A kind of converse to the Jordan curve theorem
Consider this variant of the extended topologist's sine curve:
(picture borrowed from this question) It is the closure of the graph of the function $x\mapsto \sin(\pi/x)$ defined on the half open interval $(0,1]$ with the points $(0,0)$ and $(1,0)$ connected by a simple arc. It is a closed and bounded subset $S$ of $\mathbf R^2$. Its complement has exactly $2$ path-wise connected components, but there is no simple closed curve $T$ contained in $S$.
Here's a counterexample which I think works.
$S \subset \Bbb R^2$ be the subspace consisting of points $(x, \sin(1/x))$ for $x \in (0, 1]$ and points in $\{0\} \times [-1, 1]$ union an arc joining $(0, 0)$ with $(1, \sin(1))$, namely, the quasi-circle.
$S$ is a closed and bounded subset of $\Bbb R^2$. One can see that $S$ separates $\Bbb R^2$ into two disjoint components by noting that image of any path $\gamma$ not hitting $S$ has a positive distance from $S$, as both are compact subspaces of $\Bbb R^2$. Then one can - with care - replace the $\{0\} \times [-1, 1]$ part of $S$ (because $\gamma$ has distance at least $\delta > 0$ from it) to turn it into a circle and invoke Jordan curve theorem.
However, there is no such $T$: any closed loop in $S$ must miss the origin $(0, 0)$ as $S$ is not path connected at that point.
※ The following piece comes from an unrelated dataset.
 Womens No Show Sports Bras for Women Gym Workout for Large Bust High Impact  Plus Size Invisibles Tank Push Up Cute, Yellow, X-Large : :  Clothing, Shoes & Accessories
But then obviously such loops do not separate $\Bbb R^2$.
Hint: Modify the topologist's sine curve to construct a counter example to your conjecture. The true statement is that $\check{H}^1(R^2 -S)$ is nonzero (by the Alexander duality).
Edit. This is a partial answer to the latest version of the question. (The accepted answer by Lukas does not really settle the problem.)
First, some definitions. A continuum is a metrizable compact connected set. (If you do not know what metrizable means, just think of a subset of $R^n$.) A Lakes of Wada continuum is a continuum $C$ in $R^2$ which has empty interior and whose complement consists of more than 2 components $A_i$ such that the boundary of each $A_i$ is $C$. At the first glance, such thing is impossible; take a look at the Wikipedia picture to get some idea of what it looks like.
Now, suppose that $T\subset C$ is a proper closed subset of a Lakes of Wada continuum $C$. Pick a point $p\in C - T$. Then, since $p$ lies on the boundary of all components of $R^2 - C$ it follows that $R^2 -T$ is connected as all components of $R^2-C$ can be connected to $p$ by paths disjoint from $T$. The conclusion is that such $C$ cannot contain a closed subset whose complement in $R^2$ consists of exactly two components.
This means that the answer to Daniel's question is negative if one also requires $T\subset S$ to be closed. (And the subset constructed in Lukas' answer is closed!) As for noncompact connected subsets, I am not sure, but if I were to bet, I would guess that the answer is again negative.
You can find more and references in
History of continuum theory, by J.Charatonik, in "Handbook of the History of General Topology", Vol. 2.